To find the answer, the researchers conducted a number of interesting experiments placing the subjects of the experiments in positions to assist, or not assist others shortly after they played, a prosocial video game. Two of the experimental results are recapped be low.
In every instance, individuals who played a prosocial video game were more willing to help than those who did not play prosocial games. This has serious implications for organizations that don't just want to create games to provide content knowledge to players but who want to influence learners to perform in certain ways such as providing positive customer service experiences or positively portraying the values of the organization.
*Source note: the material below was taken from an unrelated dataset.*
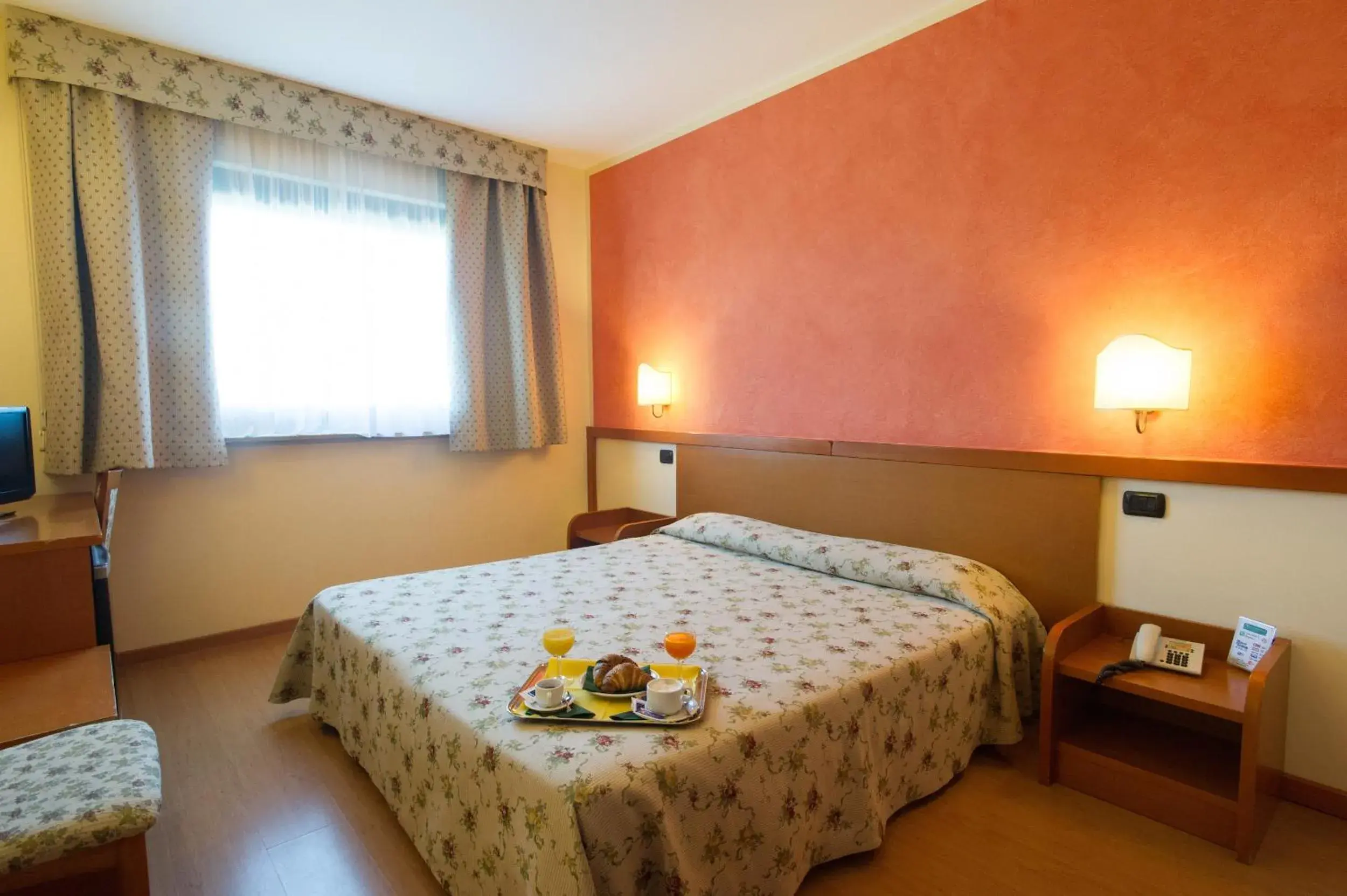 Comfort Double Room in Sangallo Park Hotel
The first experiment was designed to examine the impact of prosocial, aggressive, and neutral video games on spontaneous, unrequested assistance. The researchers used a common research measure of spontaneous, unrequested assistance; they "accidently" spilled pencils on the floor and observed whether or not the subjects assisted in picking them up.
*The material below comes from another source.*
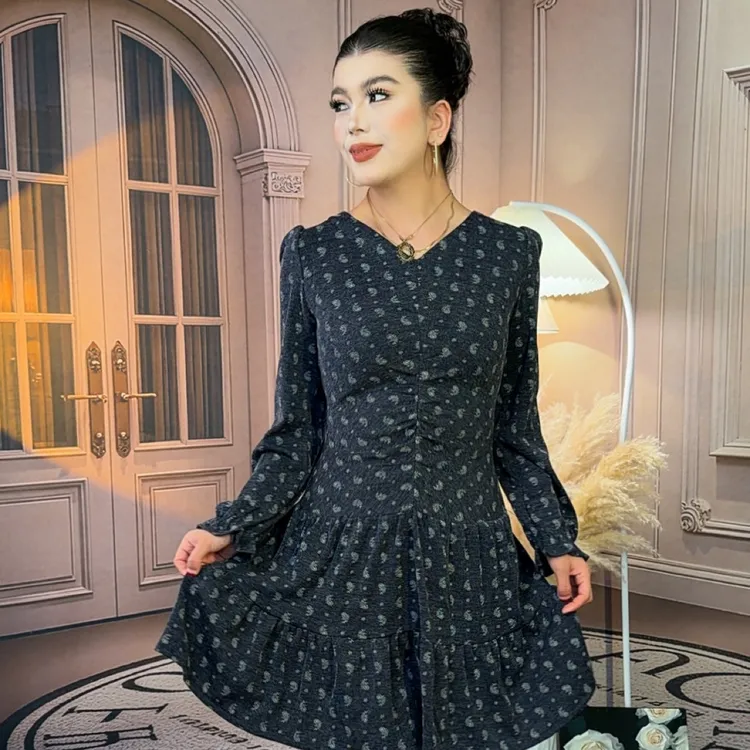 MUHSINUR新款女士连衣裙0-7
First Osswald and Greitemeyer randomly assigned subjects ranging in age from 19 to 43 to one of three video game conditions. The prosocial game was Lemmings, in that game the object is to help a group of animals, called lemmings, to safety. The basic objective of the game is to guide the lemmings through a number of obstacles to a designated exit and save the required number of lemmings to win. During the entire game, the goal is to save as many lemmings as possible and the behavior of saving lemmings was deemed a prosocial behavior by the researchers.
The aggressive game was Lamers, which is the exact opposite of Lemmings. In Lamers, the player has an arsenal of weapons and attempts to destroy as many Lamers as possible so they do not reach their intended destination; if enough Lamers are destroyed, the player wins.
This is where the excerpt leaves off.